Em nota, a Prefeitura Municipal de Juazeiro do Norte e a Secretaria da Cultura do município destacam que Margá, a grande Matriarca da Cultura Cariri, deixa um legado imensurável.
"Seu Guerreiro deu vida a todos os Guerreiros de Juazeiro do Norte, seus passos ritmaram o folclore, sua voz cantou a ancestralidade e seu sorriso acolheu gerações de mestres, mestras e brincantes", enfatizam.
Também expressam que a cultura do Cariri veste luto, mas também celebra a vida da mestra, certa de que cada canto, dança e riso do Guerreiro comandado por ela manterão viva a memória.
"Aos familiares, amigos e a toda comunidade cultural, expressamos nossa solidariedade e o compromisso de honrar o legado de Mestra Margarida, cuja luz continuará a iluminar os caminhos da cultura popular de nossa terra".
Expoente da cultura popular
A Rede Permanente de Apoio aos Mestres e Mestras da Cultura de Juazeiro do Norte também manifestou pesar. Segundo eles, "a cultura caririense perde um de seus maiores expoentes.

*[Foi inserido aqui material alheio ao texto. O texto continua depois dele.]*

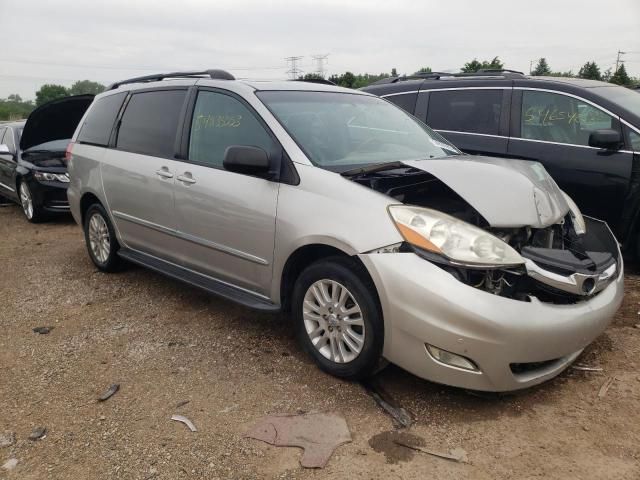 2009 Toyota Sienna XLE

Nos entristece a perda inestimável da Guardiã dos Saberes do Guerreiro Joana Darc, Tesouro Vivo, Patrimônio Imaterial do Estado do Ceará".
Mestre Nando, neto da Guerreira, diz que a avó recebeu o título de Cidadã Juazeirense no início deste ano e que a importância do trabalho dela está ligada à formação de novos brincantes da cultura popular. "Sua casa sempre foi cheia de gente, tanto quando era mais jovem quanto agora, mais idosa", situa.
"A relevância dela é grandiosa não só na cidade de Juazeiro, mas em todo o Estado do Ceará. Todo mundo, onde você for, em qualquer cidade, vai saber da Mestra Margarida, da importância do trabalho dela, da voz belíssima que ela tinha". Mestre Tarcísio reforça a ideia. De acordo com ele, Margá era "muito querida, conhecida, encantadora e dedicada à cultura popular tanto de Juazeiro quanto do Cariri, do Ceará e de Alagoas".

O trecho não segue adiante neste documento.